One nice thing about a safe harbor is that if a taxpayer fails the safe harbor test, it might still argue that it meets the general requirements of the broader law. That is, the taxpayer claims that although the transaction lies outside the clearly defined inner circle, it still fits within the larger circle created by the general requirements of the law. In such a case, the taxpayer may be no less qualified for the tax credits, but there is less certainty because the IRS has not ruled on that specific type of transaction.


Let’s now look at tax credits. Under the IRC, there are many different kinds of tax credits of which two are relevant here. An investment tax credit (ITC), authorized under §48 of the IRC, works by giving the owner of a qualifying asset an immediate, one-time credit based upon the dollar value of the qualifying investment. For example, a 30% ITC means an owner can claim $.30 tax credit for each $1 of qualifying investment. By contrast, a PTC authorized by §45 of the IRC (and the focus of Rev. Proc. 2007-65) works by giving the operator of a qualifying energy asset a tax credit of a specific dollar amount for each unit of energy produced during a given tax year. For projects entering service in 2016, the PTC credit is approximately $.023 per kWh of qualifying wind energy.

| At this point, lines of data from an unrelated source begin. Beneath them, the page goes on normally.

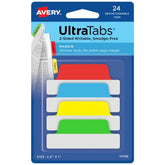 Avery® Ultra Tabs®, Assorted Colors, 2.5" x 1", 24 Repositionable Margin Tabs, 2-Sided Writable (74768)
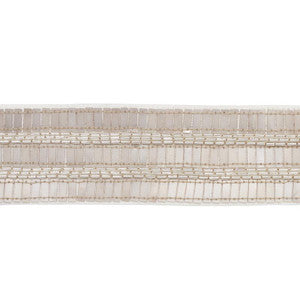 Schumacher Trim Trento Beaded Tape Platinum 77380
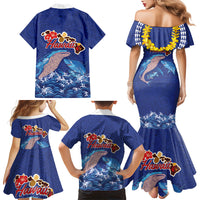 Hawaiian Sea Animals Family Matching Mermaid Dress and Hawaiian Shirt Whales Shark and Turtle Guardians with Tribal Pattern LT03 - Polynesian Pride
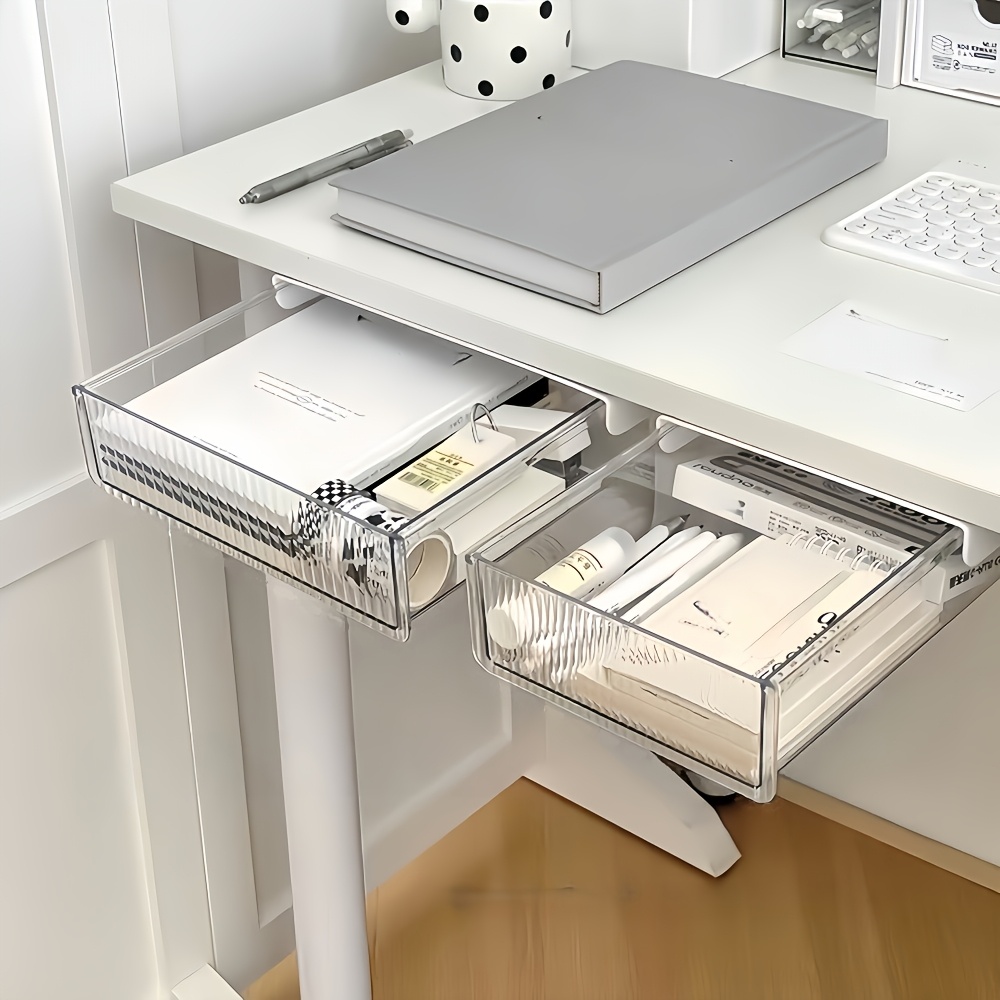 1pc Under Desk Clear Drawer Or - مراجعة Home Office Desk With Drawers وسعره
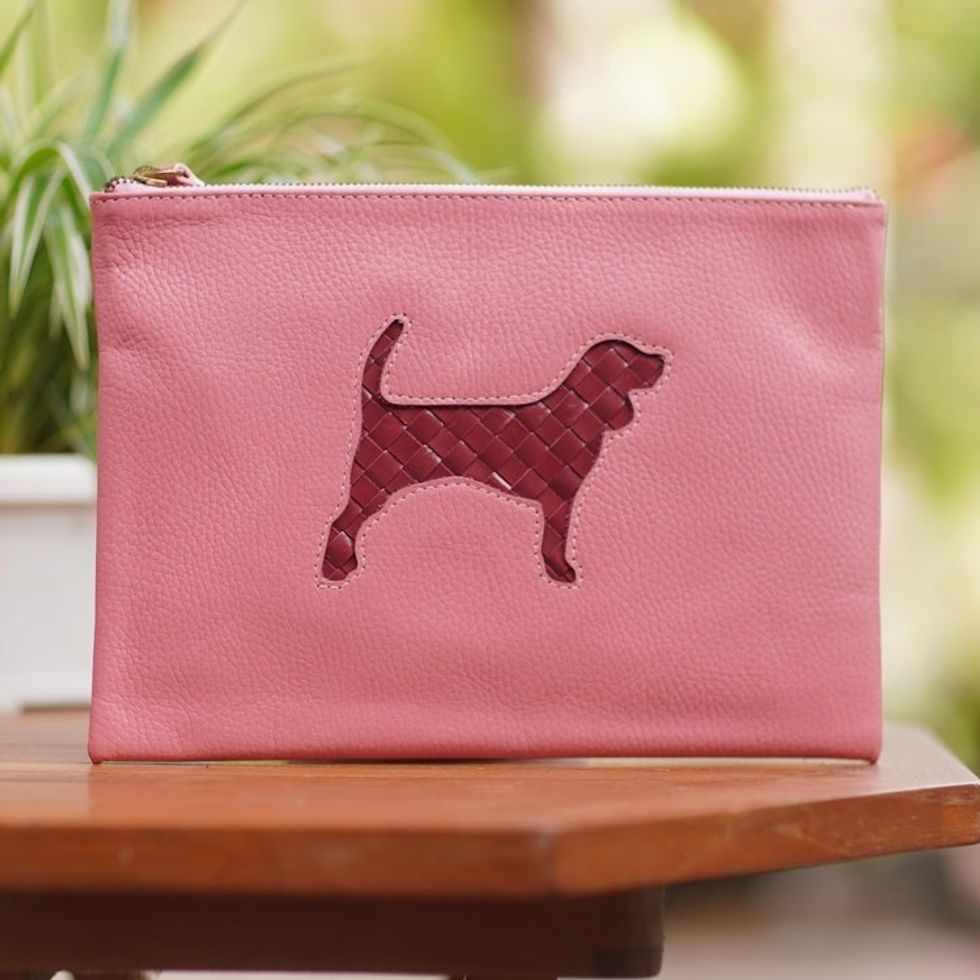 Hand Crafted Dog-Themed Leather Clutch 'Dog's Life in Pink'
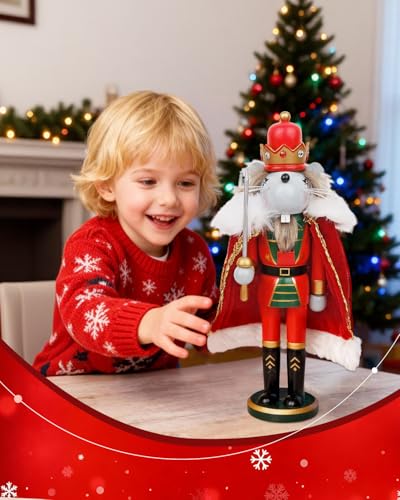 12-Inch Mouse King Nutcracker with 12 Nutcracker Ornaments - Anwenk Christmas Decor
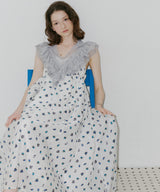 【予約】【J1U by LA BELLE ETUDE】シアーフラワージャガードボリュームワンピース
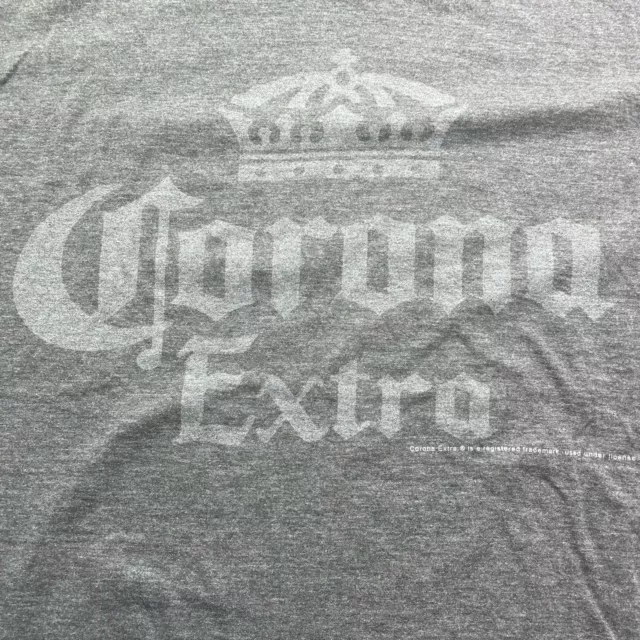Corona Extra Port Authority Men's Size Large Short Sleeve Grey T-Shirt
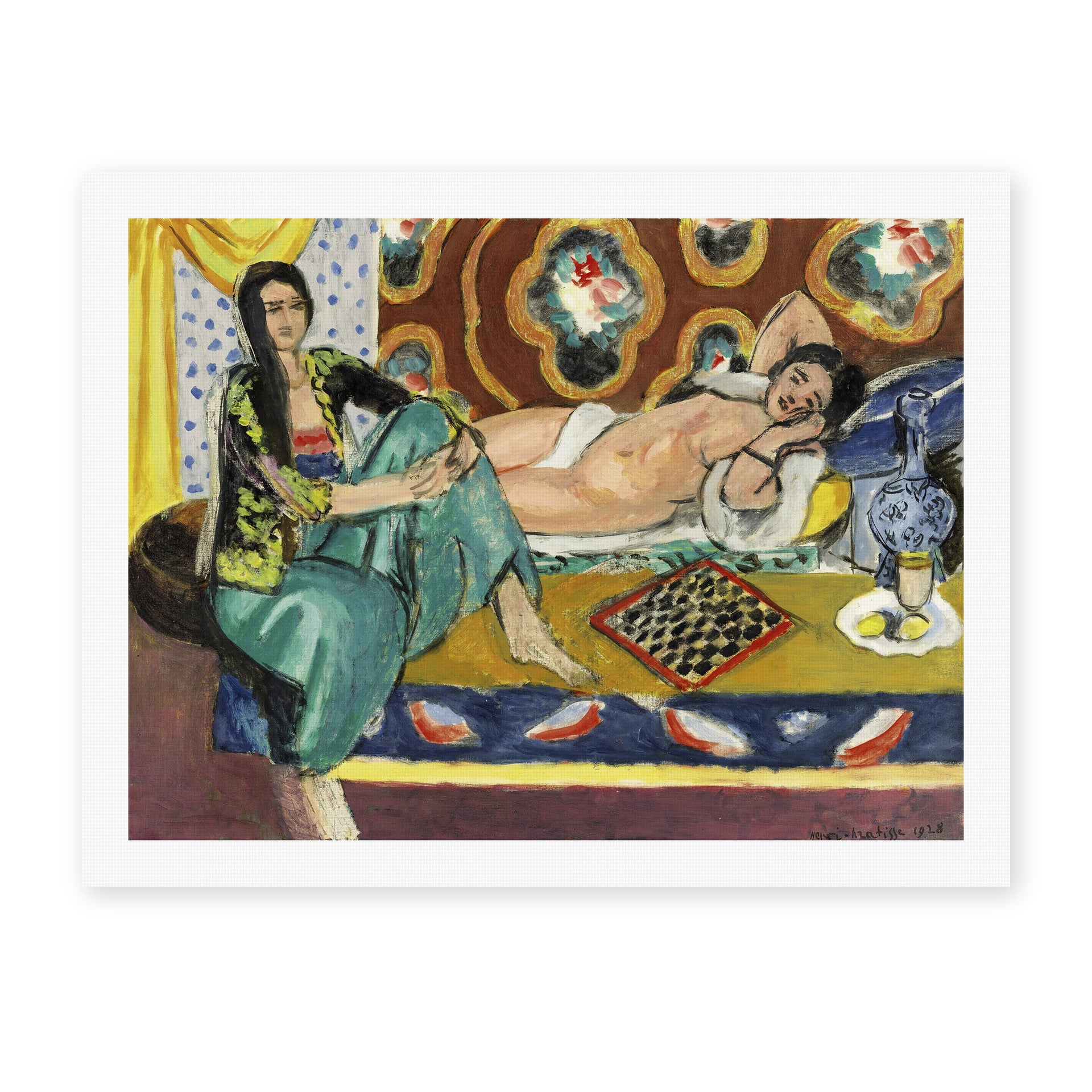 Henri Matisse's Odalisques jouant aux dames painting reproduced as a rolled canvas print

Note that these two tax credits operate in very different ways. The ITC is based on a percentage of the qualifying costs of the investment. The ITC entitles an owner to a full credit immediately upon the project being placed in service, and is subject to a five-year re-capture period. The PTC, on the other hand, is driven by asset performance measured annually over a ten-year period.

The critical point here is that tax credits under the IRC can vary in their purpose, methodology and application. For this reason, and similar to any other provision of law, those charged with interpreting or enforcing legal requirements are cautious that any precedent or official interpretation apply only in the context in which it is issued, and extension to new scenarios with differing facts and differing legal requirements be done so cautiously with great attention to detail.


Finally, lets look at the partnership flip and its relationship with the IRC.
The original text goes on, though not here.